叶尔克西告诉他:“我来自中国新疆,出生在亚洲大陆的腹地,生活在这片土地上的孩子,能感知来自四大海洋的季风从耳边吹过,更能感知到一股小风吹过脚下,一丛骆驼刺发出的风鸣,还能听到一只母羊呼唤它的孩子时发出的声音。
而母羊发出的声音,竟然会成为一位牧羊人家的女人的摇篮小调,以此安抚摇床里的幼儿。她的孩子会在她天籁般的声音中酣睡入梦。”
是的,生活在新疆,人们便会幸运地与自然生态环境有着一种天然的相处方式与亲近感。可以说,新疆这片土地是叶尔克西写作的处境,是她文字逻辑的起点。
叶尔克西的笔下有村庄里平凡的一家人,有大风里的油菜花,有岩壁上的马群和草原的新娘。她很本能地观察附近,发现附近,记录附近。

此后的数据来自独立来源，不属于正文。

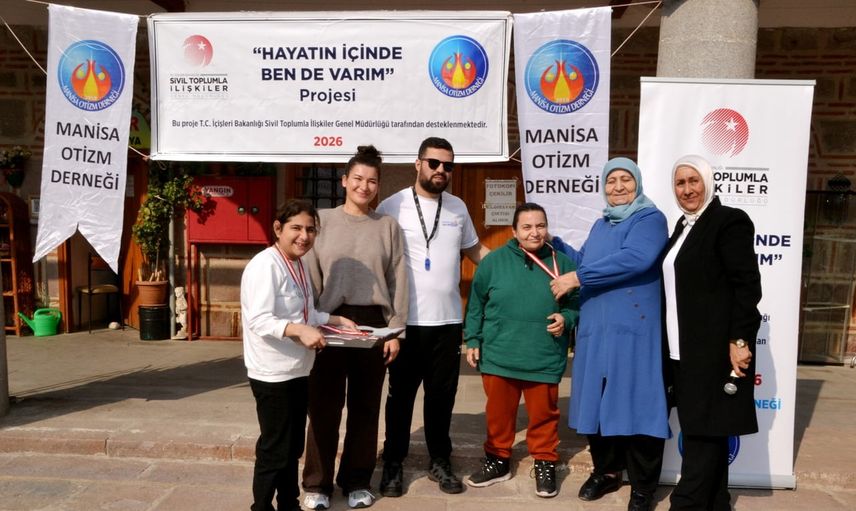 Madalyalar ve pasta: otizmli çocukların hayatın içinde yer alma kutlaması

除了描绘淳朴的人们,牧场一年四季转场的牛羊和自然界的动物也是叶尔克西写作的根基。她说:“牛羊转场堪称生命的伟大迁徙,其间尽显强者生存、弱者接受死亡的命运。而人总是能在其中发现生命的意义和法则。”
叶尔克西作品中的主角就非常具有生态的象征符号意义。
例如:
女性——母性,
树——母亲树,
狼——狼母哺育了哈萨克的祖先,
羊——带给每一个人食物,生的希望等。
在散文集《永生羊》中有几篇文章中的叙述主角都是动物,《灵异山羊》《北塔山上一只鸡》《黑牛和红牛》《狗有爱情吗》《不死猫》,叶尔克西给她熟悉的动物们写出了生动富有个性的传记。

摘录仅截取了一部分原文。